• Exercise instructions:
Every record below needs to be written out exactly, apart from the pictures.

• Given data:
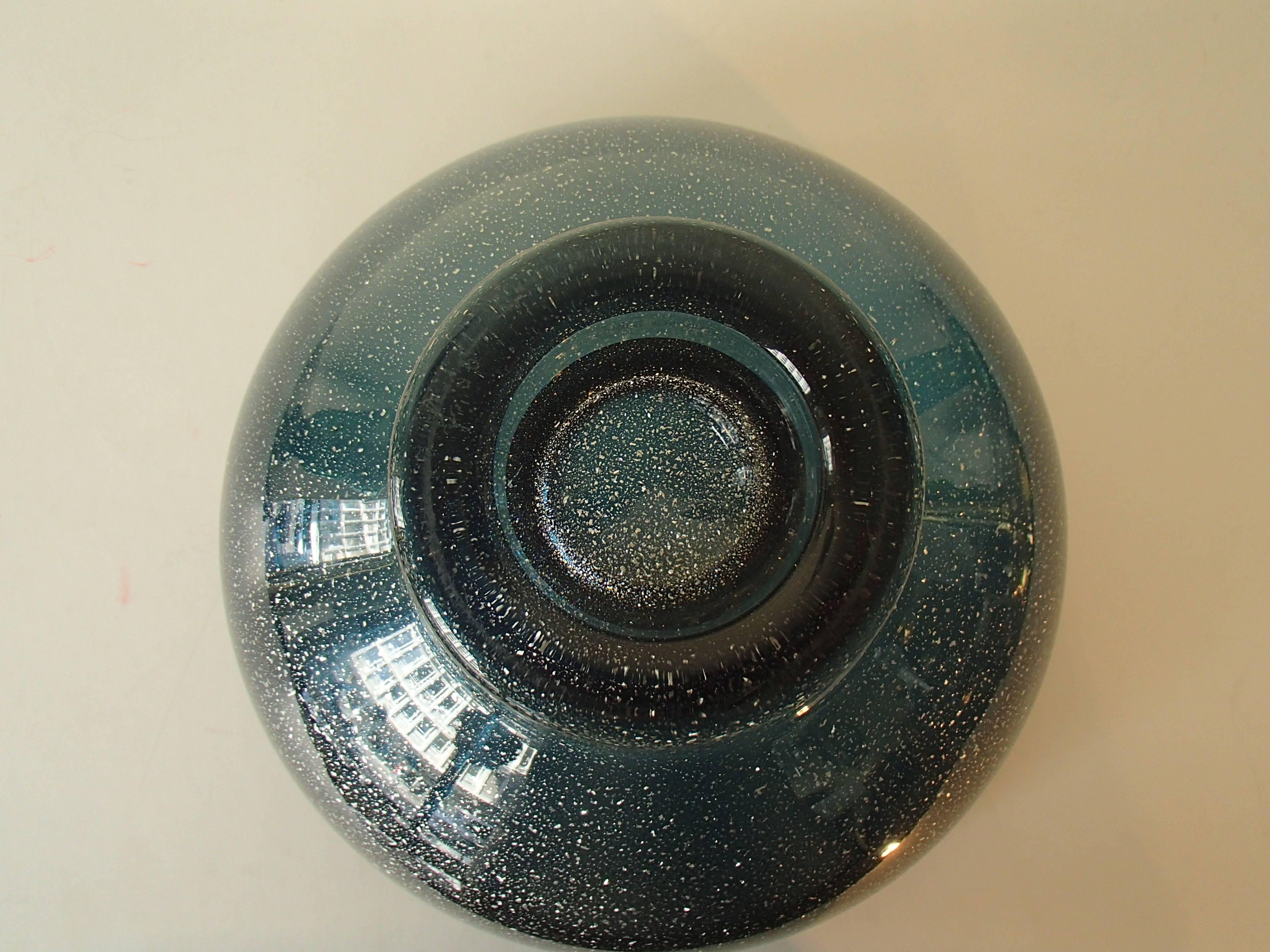 Mid-20th Century Mid-Century Modern Vessel Blue with Silver Inlays by Graal Glas Signed FS 66 For Sale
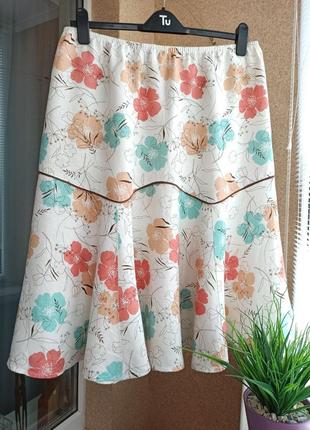 Красивая качественная летняя юбка миди из натуральной ткани 100% лен4 фото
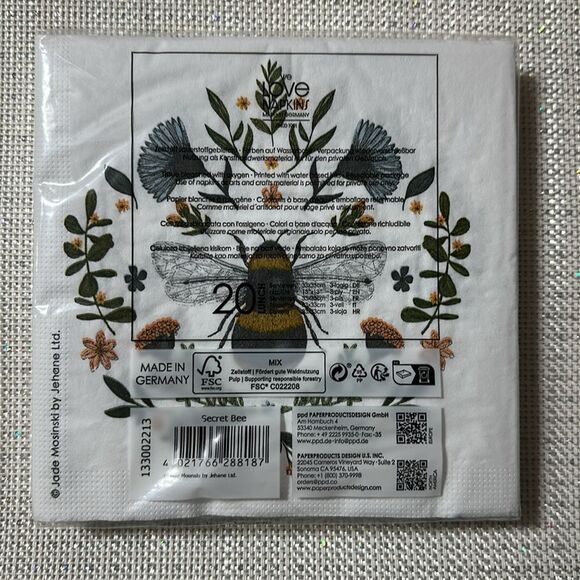 PPD White Blue Black Gold Green Secret Bee Square Napkins set of 2 - Picture 4 of 5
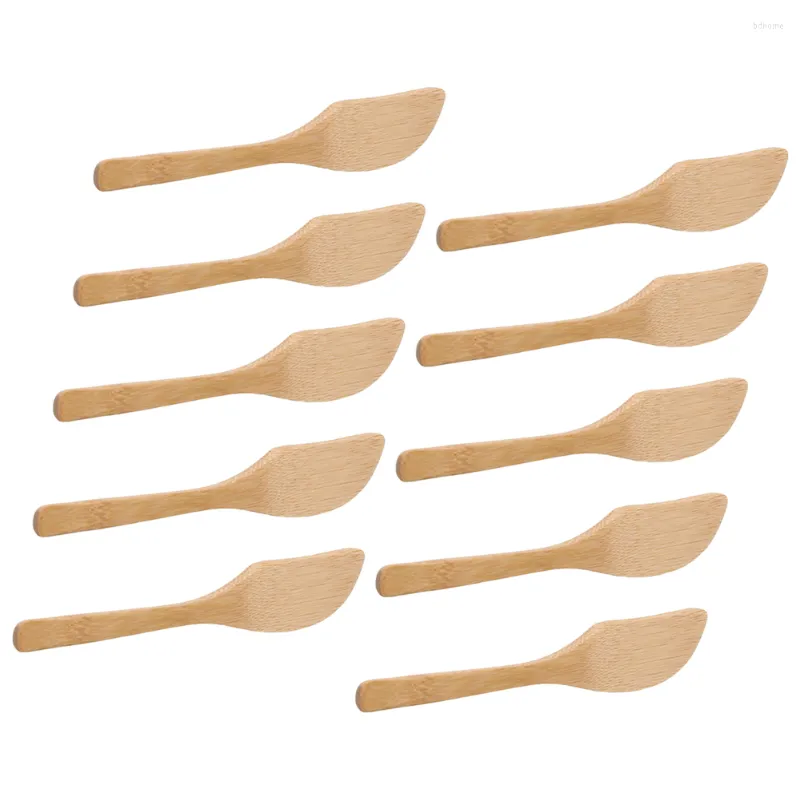 Flatware Sets 10 Pcs Creative Bamboo Dumpling Filling Spoon Peanut Butter Spreaders Mask Wipe Spoons Spade Kitchen Tools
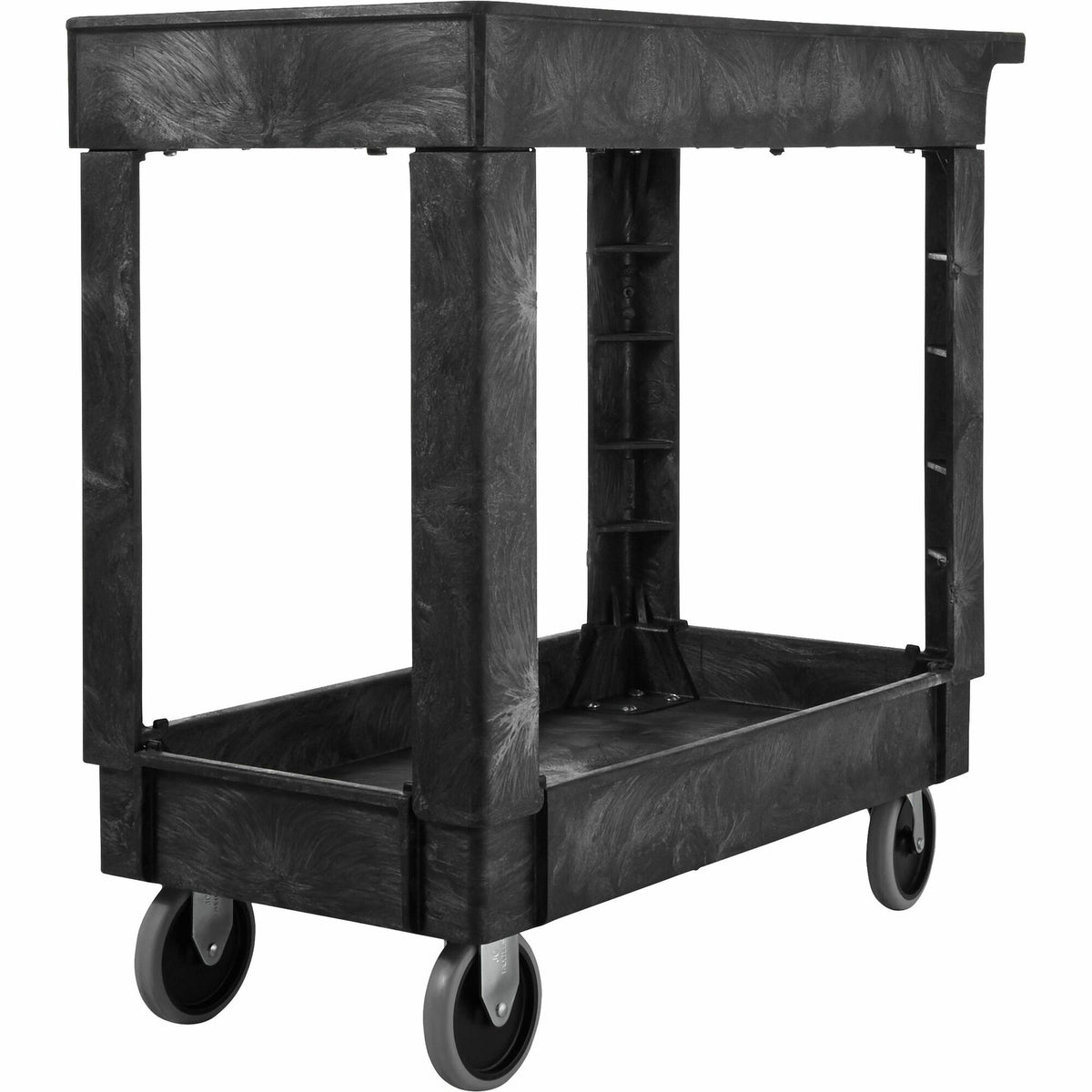 Rubbermaid Commercial 9T6600 Heavy-Duty Utility Cart - 2 Shelf - 500 lb Capacity - 4 Casters - 5" Caster Size - 34.25" Length x 17.37" Width x 31.50" Height - Black - 1 Each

• Response below:
 Mid-20th Century Mid-Century Modern Vessel Blue with Silver Inlays by Graal Glas Signed FS 66 For Sale
 Красивая качественная летняя юбка миди из натуральной ткани 100% лен4 фото
 PPD White Blue Black Gold Green Secret Bee Square Napkins set of 2 - Picture 4 of 5
 Flatware Sets 10 Pcs Creative Bamboo Dumpling Filling Spoon Peanut Butter Spreaders Mask Wipe Spoons Spade Kitchen Tools
 Rubbermaid Commercial 9T6600 Heavy-Duty Utility Cart - 2 Shelf - 500 lb Capacity - 4 Casters - 5" Caster Size - 34.25" Length x 17.37" Width x 31.50" Height - Black - 1 Each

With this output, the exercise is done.